26-letni prawy obrońca jest wychowankiem ojczystego HB Koge, a zanim trafił do szwedzkiego Djurgardens IF, grał m.in. w norweskim Haugesund, zaś wcześniej występował w lidze duńskiej. W poprzednim sezonie (a w Szwecji sezon trwa od wiosny do jesieni) zagrał w 13 meczach ekstraklasy oraz trzech starciach Pucharu Szwecji.
Łącznie, jak podaje oficjalna strona Widzewa Łódź, Peter Therkildsen rozegrał 139 meczów na najwyższym szczeblu rozgrywkowym w Danii, Norwegii i Szwecji. Zdecydowanie najczęściej można było go oglądać na prawej stronie boiska - zarówno jako obrońca, jak i pomocnik.
- Choć mogę zabezpieczyć wiele pozycji, to w Widzewie będę koncentrował się głównie na grze jako boczny obrońca. W Norwegii byłem znany z moich ofensywnych umiejętności. Lubię dużo biegać wzdłuż boiska, być w obu polach karnych, notować asysty i strzelać gole.

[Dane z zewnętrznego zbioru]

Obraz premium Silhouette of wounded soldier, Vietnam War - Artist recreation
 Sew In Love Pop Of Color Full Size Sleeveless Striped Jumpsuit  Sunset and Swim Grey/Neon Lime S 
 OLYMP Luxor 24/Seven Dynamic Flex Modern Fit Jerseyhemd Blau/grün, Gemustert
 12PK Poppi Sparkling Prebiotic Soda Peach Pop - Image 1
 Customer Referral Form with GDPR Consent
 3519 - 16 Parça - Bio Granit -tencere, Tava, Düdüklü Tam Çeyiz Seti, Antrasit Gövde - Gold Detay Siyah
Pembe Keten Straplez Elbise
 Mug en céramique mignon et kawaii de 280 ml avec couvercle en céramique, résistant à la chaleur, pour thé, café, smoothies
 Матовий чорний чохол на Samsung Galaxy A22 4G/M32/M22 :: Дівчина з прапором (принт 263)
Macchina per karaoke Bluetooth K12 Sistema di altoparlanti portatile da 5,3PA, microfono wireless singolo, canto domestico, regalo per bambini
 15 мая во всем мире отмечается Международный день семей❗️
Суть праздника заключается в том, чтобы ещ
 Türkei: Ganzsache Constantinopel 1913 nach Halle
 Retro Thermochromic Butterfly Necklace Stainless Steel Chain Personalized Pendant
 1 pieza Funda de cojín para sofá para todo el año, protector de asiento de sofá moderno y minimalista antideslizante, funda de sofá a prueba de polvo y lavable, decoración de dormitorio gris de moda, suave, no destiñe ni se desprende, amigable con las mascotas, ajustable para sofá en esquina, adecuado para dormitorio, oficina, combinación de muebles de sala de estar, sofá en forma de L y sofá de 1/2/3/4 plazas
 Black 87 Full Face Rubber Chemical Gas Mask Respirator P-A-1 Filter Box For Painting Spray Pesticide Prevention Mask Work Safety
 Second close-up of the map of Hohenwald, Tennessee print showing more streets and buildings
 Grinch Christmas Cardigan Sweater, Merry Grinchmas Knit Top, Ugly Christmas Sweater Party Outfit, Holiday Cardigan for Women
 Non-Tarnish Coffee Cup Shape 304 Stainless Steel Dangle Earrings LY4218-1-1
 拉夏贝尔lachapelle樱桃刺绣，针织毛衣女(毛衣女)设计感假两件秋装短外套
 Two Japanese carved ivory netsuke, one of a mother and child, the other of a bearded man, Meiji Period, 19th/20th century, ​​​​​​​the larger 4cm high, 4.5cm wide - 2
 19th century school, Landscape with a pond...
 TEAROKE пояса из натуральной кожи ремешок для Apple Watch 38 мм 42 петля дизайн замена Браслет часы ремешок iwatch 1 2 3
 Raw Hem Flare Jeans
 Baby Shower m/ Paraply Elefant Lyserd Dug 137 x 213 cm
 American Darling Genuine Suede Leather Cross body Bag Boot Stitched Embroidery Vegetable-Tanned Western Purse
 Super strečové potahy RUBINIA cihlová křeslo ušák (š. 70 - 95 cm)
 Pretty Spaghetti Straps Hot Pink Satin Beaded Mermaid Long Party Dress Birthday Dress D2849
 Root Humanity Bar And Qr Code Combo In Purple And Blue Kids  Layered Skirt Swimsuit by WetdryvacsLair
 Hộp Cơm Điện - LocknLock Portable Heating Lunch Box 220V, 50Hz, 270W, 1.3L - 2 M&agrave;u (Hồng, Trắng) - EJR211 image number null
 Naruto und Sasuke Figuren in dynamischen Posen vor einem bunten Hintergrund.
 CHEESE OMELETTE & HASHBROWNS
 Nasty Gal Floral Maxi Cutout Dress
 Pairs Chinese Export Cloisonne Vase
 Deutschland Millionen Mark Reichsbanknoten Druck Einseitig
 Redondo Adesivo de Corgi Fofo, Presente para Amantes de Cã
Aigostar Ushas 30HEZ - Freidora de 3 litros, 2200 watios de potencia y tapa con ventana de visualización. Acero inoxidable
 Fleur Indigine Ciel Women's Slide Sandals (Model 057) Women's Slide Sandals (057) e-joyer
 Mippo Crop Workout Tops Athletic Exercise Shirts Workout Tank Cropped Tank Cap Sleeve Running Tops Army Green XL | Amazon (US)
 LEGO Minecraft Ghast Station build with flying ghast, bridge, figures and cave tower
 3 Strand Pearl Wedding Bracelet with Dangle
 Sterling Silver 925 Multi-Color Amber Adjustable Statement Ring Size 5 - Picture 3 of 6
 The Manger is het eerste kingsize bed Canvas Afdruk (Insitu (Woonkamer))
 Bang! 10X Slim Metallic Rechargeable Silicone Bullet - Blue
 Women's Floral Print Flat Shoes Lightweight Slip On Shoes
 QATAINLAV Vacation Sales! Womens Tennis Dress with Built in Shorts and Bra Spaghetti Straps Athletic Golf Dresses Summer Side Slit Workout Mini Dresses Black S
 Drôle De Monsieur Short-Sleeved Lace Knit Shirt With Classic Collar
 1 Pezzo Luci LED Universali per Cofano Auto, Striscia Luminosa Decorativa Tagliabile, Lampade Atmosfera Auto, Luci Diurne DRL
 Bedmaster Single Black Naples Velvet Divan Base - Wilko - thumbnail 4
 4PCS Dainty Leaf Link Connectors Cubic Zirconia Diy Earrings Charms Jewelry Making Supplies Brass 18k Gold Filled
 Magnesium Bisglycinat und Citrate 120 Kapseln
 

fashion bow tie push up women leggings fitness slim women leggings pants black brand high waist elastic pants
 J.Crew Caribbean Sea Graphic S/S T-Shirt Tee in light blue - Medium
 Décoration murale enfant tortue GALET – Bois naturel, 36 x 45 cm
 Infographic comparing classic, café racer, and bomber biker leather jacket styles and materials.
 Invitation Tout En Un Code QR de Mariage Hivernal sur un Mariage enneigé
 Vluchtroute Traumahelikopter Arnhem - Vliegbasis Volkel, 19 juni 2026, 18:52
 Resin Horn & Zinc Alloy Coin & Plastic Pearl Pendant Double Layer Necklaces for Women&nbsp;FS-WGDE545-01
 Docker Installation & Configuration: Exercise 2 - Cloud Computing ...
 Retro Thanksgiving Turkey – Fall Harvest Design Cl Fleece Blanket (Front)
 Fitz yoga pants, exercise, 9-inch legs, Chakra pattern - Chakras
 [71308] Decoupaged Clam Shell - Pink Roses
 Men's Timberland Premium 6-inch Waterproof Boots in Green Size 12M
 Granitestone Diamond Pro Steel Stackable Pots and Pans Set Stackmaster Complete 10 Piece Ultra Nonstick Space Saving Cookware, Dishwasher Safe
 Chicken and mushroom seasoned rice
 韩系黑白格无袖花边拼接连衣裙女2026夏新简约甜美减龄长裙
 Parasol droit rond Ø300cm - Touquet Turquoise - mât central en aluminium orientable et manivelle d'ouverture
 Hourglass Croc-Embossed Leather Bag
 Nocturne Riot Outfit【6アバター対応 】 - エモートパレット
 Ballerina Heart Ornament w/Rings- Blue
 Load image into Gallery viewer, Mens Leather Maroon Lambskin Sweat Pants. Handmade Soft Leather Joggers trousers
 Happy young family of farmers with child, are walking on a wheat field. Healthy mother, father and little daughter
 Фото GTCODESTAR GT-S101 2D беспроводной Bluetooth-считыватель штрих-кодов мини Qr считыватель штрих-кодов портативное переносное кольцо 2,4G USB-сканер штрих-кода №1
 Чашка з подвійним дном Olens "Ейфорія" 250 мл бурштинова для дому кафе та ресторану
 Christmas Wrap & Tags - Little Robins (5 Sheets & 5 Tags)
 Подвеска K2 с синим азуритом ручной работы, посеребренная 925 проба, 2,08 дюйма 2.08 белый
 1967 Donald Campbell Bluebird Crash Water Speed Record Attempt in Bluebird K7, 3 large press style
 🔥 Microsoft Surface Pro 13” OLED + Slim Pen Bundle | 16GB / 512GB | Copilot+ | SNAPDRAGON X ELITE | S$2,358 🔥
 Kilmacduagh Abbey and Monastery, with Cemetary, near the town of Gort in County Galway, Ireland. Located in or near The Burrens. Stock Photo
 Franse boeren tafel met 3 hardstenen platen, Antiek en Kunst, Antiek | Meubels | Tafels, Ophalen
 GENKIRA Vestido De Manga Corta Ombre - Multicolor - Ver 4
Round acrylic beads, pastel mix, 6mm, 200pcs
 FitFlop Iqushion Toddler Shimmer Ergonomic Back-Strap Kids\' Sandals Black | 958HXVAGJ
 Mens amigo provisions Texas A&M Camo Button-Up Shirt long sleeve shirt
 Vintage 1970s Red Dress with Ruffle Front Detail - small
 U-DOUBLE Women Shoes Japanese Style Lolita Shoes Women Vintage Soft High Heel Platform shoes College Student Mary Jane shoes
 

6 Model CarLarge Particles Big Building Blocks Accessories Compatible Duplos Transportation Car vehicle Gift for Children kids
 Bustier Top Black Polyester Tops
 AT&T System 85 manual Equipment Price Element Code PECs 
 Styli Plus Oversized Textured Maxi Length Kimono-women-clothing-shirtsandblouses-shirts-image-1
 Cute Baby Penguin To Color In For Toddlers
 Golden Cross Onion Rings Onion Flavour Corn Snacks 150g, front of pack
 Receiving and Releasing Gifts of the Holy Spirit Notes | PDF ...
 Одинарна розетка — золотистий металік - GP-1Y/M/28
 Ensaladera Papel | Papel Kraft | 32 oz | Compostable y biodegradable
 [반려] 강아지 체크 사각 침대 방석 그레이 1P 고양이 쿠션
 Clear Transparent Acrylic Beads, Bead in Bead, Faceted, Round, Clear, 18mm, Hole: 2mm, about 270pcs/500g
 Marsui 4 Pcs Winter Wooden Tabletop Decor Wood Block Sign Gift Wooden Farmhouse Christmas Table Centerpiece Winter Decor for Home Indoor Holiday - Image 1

Myślę, że moim głównym atutem jest ofensywa, jednak przykładam dużą wagę również do destrukcji - powiedział nowy piłkarz czerwono-biało-czerwonych w pierwszym wywiadzie dla klubowych mediów.
ZOBACZ WIDEO: #dziejesiewsporcie: Ale przymierzył! Fantastyczna bramka zawodnika V-ligowca
- Piłkarz ma krótką karierę, w moim wieku ważne jest granie jak najwięcej. Odbyłem rozmowy z Widzewem i uznałem, że to dobry projekt i odpowiednia szansa dla mnie. Miałem kilka innych ofert, głównie z klubów ze Skandynawii. To była jednak świetna okazja i coś, na co czekałem. Z wiedzą, którą mam o polskiej lidze, ta propozycja wydała mi się ekscytująca. Nie mogę się już doczekać debiutu. Jestem gotowy na pierwszy mecz zarówno fizycznie, jak i mentalnie - dodał.
To drugi nowy piłkarz w łódzkim ekstraklasowiczu po Greku Polydefkisie Volanakisie. Póki co Peter Therkildsen został wypożyczony do końca sezonu 2024/2025, ale umowa zawiera opcję wykupu zawodnika.
- To gracz, który pomoże nam zwiększyć rotację na prawej obronie i w defensywie w ogóle. Jeśli wygra rywalizację do końca sezonu, to zdecydujemy się na jego wykupienie. Uważam, że jesteśmy w stanie pomóc sobie nawzajem, a Therkildsen uzyska możliwość gry w silnej lidze - przyznał Tomasz Wichniarek, dyrektor sportowy Widzewa.
Niewykluczone, że nie jest to ostatni piłkarz pozyskany przez Widzew tej zimy. Od weekendu z czeskiego FK Teplice słychać głosy, że bardzo blisko transferu jest senegalski napastnik Abdallah Gning, o czym informowaliśmy w niedzielę. Najpierw jednak musi przejść testy medyczne.